Basın özgürlüğü ile kişilik değerlerinin karşı karşıya geldiği durumlarda; hukuk düzeninin çatışan iki değeri aynı zamanda koruma altına alması düşünülemez. Bu iki değerden birinin diğerine üstün tutulması gerektiği, bunun sonucunda da, daha az üstün olan yararın daha çok üstün tutulması gereken yarar karşısında o olayda ve o an için korumasız kalmasının uygunluğu kabul edilecektir. Bunun için temel ölçüt kamu yarardır.
Yayın yoluyla yapılan eylemin kişilik haklarına saldırı niteliğinde olup olmadığının saptanmasında, “gerçeğe uygunluk”, “kamusal ilgi ve toplumsal yarar”, “güncellik” ve “şekle uygunluk” unsurlarının bulunup bulunmadığının araştırılması zorunludur. (Yargıtay Hukuk Genel Kurulu’ nun 2012/4-1162 Esas, 2013/631 Karar sayılı ilamı). Hukuk Genel kurulunun söz konusu ilamında belirtildiği şekilde basın, objektiflikten ayrılıp, haber sınırını aşarak, genişletici ve yanlış yorumlarda bulunarak, yersiz şekilde onur kırıcı sözler kullanır, dürüstlük kuralına aykırı davranır ve kişisel nedenlerle salt sansasyon yaratmak için yayın yaparsa ve amaç ile kişilik haklarına saldırı arasında açık bir oransızlık varsa bu hukuka aykırı olur ve sonuçta da haberde özle biçim arasındaki dengenin bozulması halinde bu hal tazminatı gerektireceği kabul edilmelidir.
Somut olayda; davalının uyuşmazlık konusu yazıyı kaleme alırken, objektif ölçüler içinde hareket ettiği, öz ve biçim arasındaki dengeyi korumaya özen gösterdiği söylenemez. Davalının yayınladığı haberde, ‘…’ başlığı altında bahsi geçen subjektif değerlendirmelerle yermesi davacının kişilik haklarına saldırı teşkil etmektedir.

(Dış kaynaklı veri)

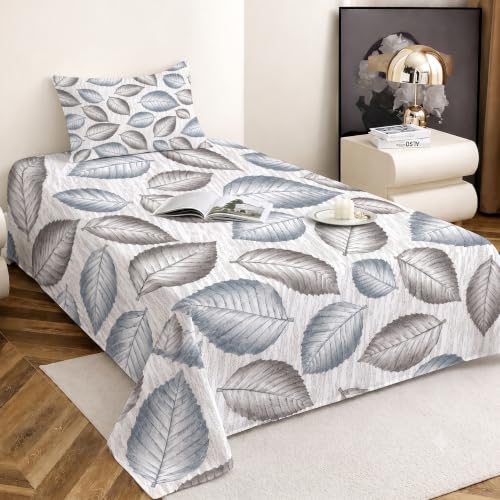 Image of IVAZA 260 TC Soft Ezyption Cotton Floral Single Bed Sheet - Single bedsheet with 1 Pillow Cover Hypoallergenic, Brethable, (Size- 90 x 60 Inch Charcoal Grey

Bu ilke ve açıklamalar ışığında somut olay değerlendirildiğinde davaya konu yazıda; ‘…’ başlığı ile yayınlanan haberin içeriğinde ifadelerin görünür gerçekliğe uygun olmadığı, haber görünür gerçekliğe uymadığından hukuka da uygun bulunmadığı, haberin veriliş şekli ve kamuoyuna yansıtılış biçimi ile davacıya karşı yanlış bir olgu oluşturulduğu, bu nedenle davalıların ifade özgürlüğü altında yayın yaptığının kabulü mümkün olmadığı, yapılan yayında kullanılan ifadeler ile davacının kişilik haklarına hukuka aykırı bir biçimde saldırının gerçekleştiği, davacının kişilik haklarına saldırı amacı taşıdığı anlaşılmaktadır. Şu durumda, yazı güncel bir konuya ilişkin olup; konunun kamuoyuna yansıyış biçimi göz önünde tutulduğunda, düşünsel bağlılığın korunmadığı da kabul edilmelidir. Bu durumda haberin veriliş şekline göre okuyucuyu yanıltacak nitelikte olması karşısında ,öz ile biçim arasındaki ölçülülük koşulları bakımından hukuka uygun olarak değerlendirilemeyeceği sonucuna varılmıştır. Açıklanan nedenler karşısında, çatışan yararlar dengesinin davacı aleyhine bozulduğu ve davalı yönünden de hukuka uygunluk nedeninin gerçekleşmediği benimsenmelidir. Manevi tazminatın miktarı belirlenirken; yayın tarihi, meydana gelen zararın ağırlığı, tarafların sosyal ve ekonomik durumları da değerlendirilmiştir. Bu kabul karşısında davacının kişilik haklarının saldırıya uğradığının kabulü gerektiği sonucuna varıldığından olayın oluş biçimi ile ve manevi tazminatın amacı gözetildiğinde davacının davasının kısmen kabulüne, 10.000-TL manevi tazminatın dosya kapsamına ve hakkaniyete uygun düşeceği manevi tazminatların aynı zamanda bir zenginleşmeye sebebiyet veremeyeceği kanaatine varılmış, fazlaya ilişkin talebin reddine karar verilmesi gerekmiş buna göre aşağıdaki hüküm tesis edilmiştir.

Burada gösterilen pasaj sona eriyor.